Cuando manifestamos en nuestra vida patrones de comportamiento sufrientes, nuestra mente se adapta a esas experiencias y las reproduce de forma mecánica. Nuestro cerebro se adapta de tal forma a esas experiencias y sentimientos de dolor, que si le privamos de emociones dolorosas se sentirá extraño y desequilibrado. Exactamente igual que un drogodependiente al que le falta la droga. La droga es una sustancia mortífera y dañina, pero el drogadicto la necesita para conseguir el equilibrio patológico al que está acostumbrado. Cuando nuestro cerebro emocional está adaptado a sufrir, necesita igualmente de dosis de sufrimiento para sentirse en equilibrio, por supuesto, un equilibrio patológico. No es raro, pues, que estas personas se sientan extrañas al vivir un acontecimiento feliz: experimentan como un vértigo que les desequilibra y les hace tender de nuevo a lo conocido: a su línea de sufrimiento habitual. Se establece por tanto lo que llamamos “la adicción al sufrimiento”.

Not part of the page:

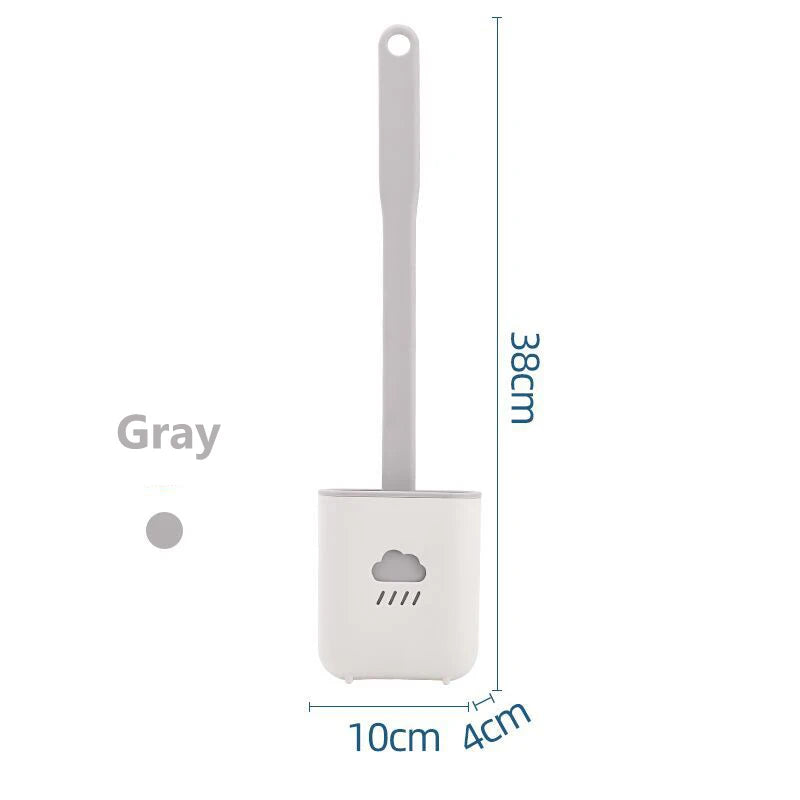 brosse en silicone avec support et poils souples pour nettoyage rapide - vue 12 sur 12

Pero ninguna adicción es incurable. Es más, termina muriendo si no obtiene sus dosis. Claro está, para ello se ha de tener el valor de atravesar “el síndrome de abstinencia” propio de cualquier recuperación adictiva. Esto es: soportar el desequilibrio patológico que nos conduce al dolor, para destruirlo y establecer un nuevo equilibrio sano que nos incite a buscar el bienestar. Porque, por fortuna, todo sistema humano dispone de una fuerza que tiende hacia la libertad y la felicidad, pero necesita de un acto de voluntad para desplegar su todo su poder.
Y todos somos libres de esta elección. Quizá la mayor elección de nuestras vidas…
Sobre este dilema versa esta sabia historia:
Una mañana un viejo Cherokee le contó a su nieto acerca de una batalla que ocurre en el interior de las personas...
El dijo, "Hijo mío, la batalla es entre dos lobos dentro de todos nosotros”
"Uno es Malvado - Es ira, envidia, celos, tristeza, pesar, avaricia, arrogancia, autocompasión, culpa, resentimiento, inferioridad, mentiras, falso orgullo, superioridad y ego..
"El otro es Bueno - Es alegría, paz, amor, esperanza, serenidad, humildad, bondad, benevolencia, empatía, generosidad, verdad, compasión y fe."
El nieto lo meditó por un minuto y luego preguntó a su abuelo: “¿Qué lobo gana?”
El viejo Cherokee respondió, "Aquél al que tú alimentes."